Our annual Human Rights Institute promotes good governance and social change. We train a select group of participants from around the country to strengthen their local advocacy efforts by using a human rights frame.
Alumni become part of a nationwide community of advocates and have access to ongoing education, technical support, and dialogue. Stay in touch to find out how you too can be a part of the next HRI!
Read about our impact
“I have learned so much through the Institute. It has absolutely deepened my commitment to utilizing a human rights framework in my work.”
-Former HRI participant
“I felt that HRI was a space where women from varied backgrounds (in all senses) built community, taught each other and learned from each other… I have been awed and impressed by the humility, generosity of spirit, passion and intellect of the women in this room. It’s got me really thinking about the connections between poverty, race, food justice, reproductive justice, youth development, bigotry and xenophobia….The impact of this institute is to rekindle my belief in those interconnections and to deepen my commitment to connect the local and the global.”
-Kulsum Ameji, Legal Assistance Foundation
“The Human Rights Institute Fellowship did what many such gatherings do and, what many fail to do. Great new information, knowledge sharing, ideas, creativity and connections among and between amazing activists, advocates and agitators – that was expected. What made this project so special was that the facilitators listened to us, they heard us. And they made the adjustments, from day to day, to strengthen and enlarge our experience. This was not a cookie-cutter program. It was gutsy and smart. Thank you.”
-Donna Red Wing, Grassroots Leadership
“The Human Rights Institute is an inspiring, moving, and transformative collective process that equips community leaders with tools to effectively apply the Human Rights framework in domestic advocacy work. I was thrilled to enrich my professional network and engage in multicultural dialogical encounters with leaders across the nation while navigating the definitions of human rights instruments, treaty systems and treaty based-bodies and learning practical steps to organize civil society to take action! In two words: highly recommended.”
-Giselle Cárcamo, Intercommunity Peace and Justice Center
“The Human Rights Institute Fellowship is a dynamic, content-rich and valuable experience. Participating in the Fellowship allowed me to understand how to apply a human rights perspective to my work and program, resulting in new opportunities for community engagement. I would recommend the HRI Fellowship program to anyone in the social justice field.”
-Tejpreet Kaur, The Sikh Coalition
“Attending the Human Rights Institute helped to clearly frame Black Women’s Blueprint’s strategic direction in terms of its implementation of human rights-based programs to address sexual assault and other intersecting oppression in Black women’s lives in the U.S. Attending the Institute helped us to change staff structure, as we hired a human rights research coordinator. The organization also was able to develop its own curriculum which fused human rights education with its core Black feminist principles. That curriculum is part of our organizer training. We are also now better able to plan our programs and prepare lay community for upcoming UN Committee meetings.”
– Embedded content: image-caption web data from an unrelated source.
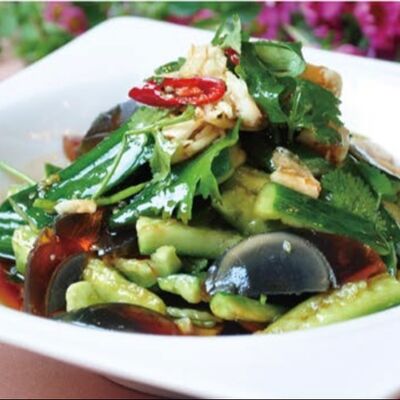 Салат из столетних яиц и огурцов в ГУаНЬ ЯНЬ по цене 1330 ₽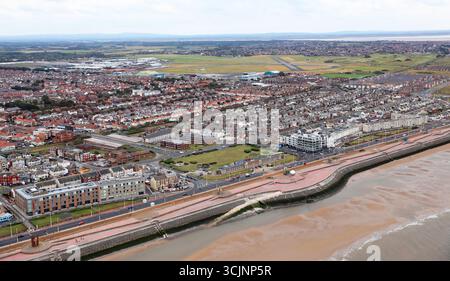 Blick aus der Vogelperspektive auf die Küste von Blackpool mit Blick auf SE bei der Endanfahrt zur Landebahn 13 am Blackpool Airport. Das Solaris Conference Centre steht im Vordergrund Stockfoto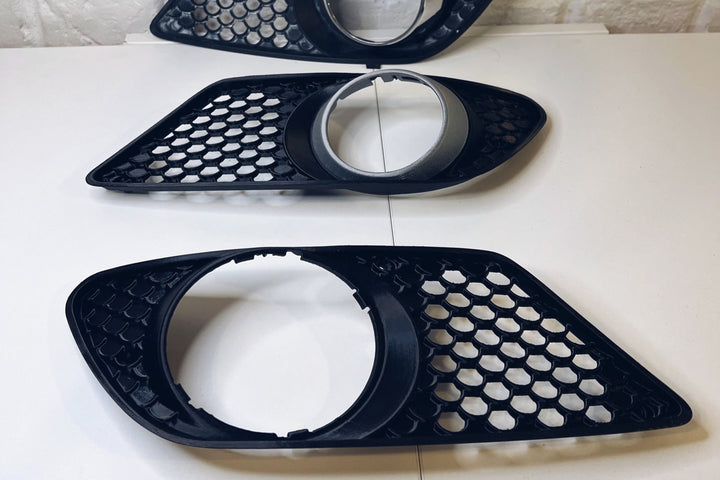 Mercedes Benz C CLASS W204 2007-2010 Pre-Facelift fog light grills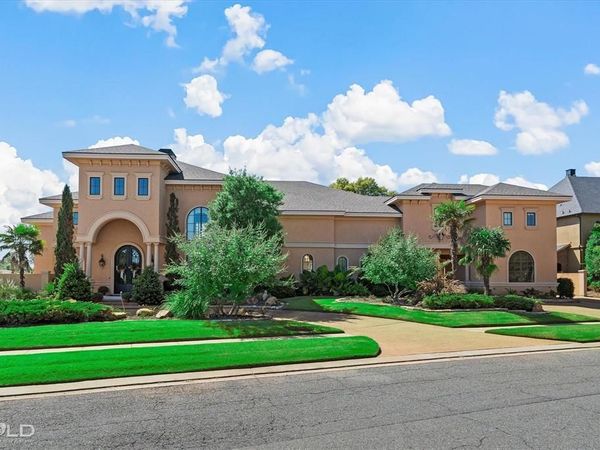 207 N Beach Drive, Bossier City, LA 71111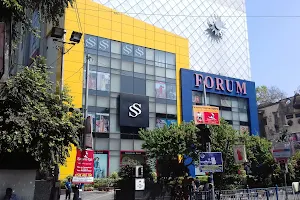 Forum Courtyard Mall image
– Farah Tanis, Black Women’s Blueprint
“The Institute reaffirmed the importance of ‘bringing human rights home’ to the U.S. It helped me to see the usefulness of the human rights framework as an umbrella under which to bring together different groups doing social justice work, including groups who had no real history of collaborating or providing one another with support. Adoption of the framework helps to break down identity and issue silos separating groups. This has been very helpful to the human rights commission on which I serve, which works in a collaborative way and seeks to bring together a diverse array of social justice allies around what we on the commission now frame as human rights issues. Also, the human rights position taken by Amigos, an immigrant rights organization, has led it to ally with other groups on LGBT, Native American, youth, and women’s issues. Amigos receives their support on immigrant rights issues in return. On the human rights commission and in Amigos we understand that many groups in the community are doing human rights work, even if they don’t describe it as such, and that all our work is interrelated, interdependent, and that we can each get more good work done through collaborative efforts.”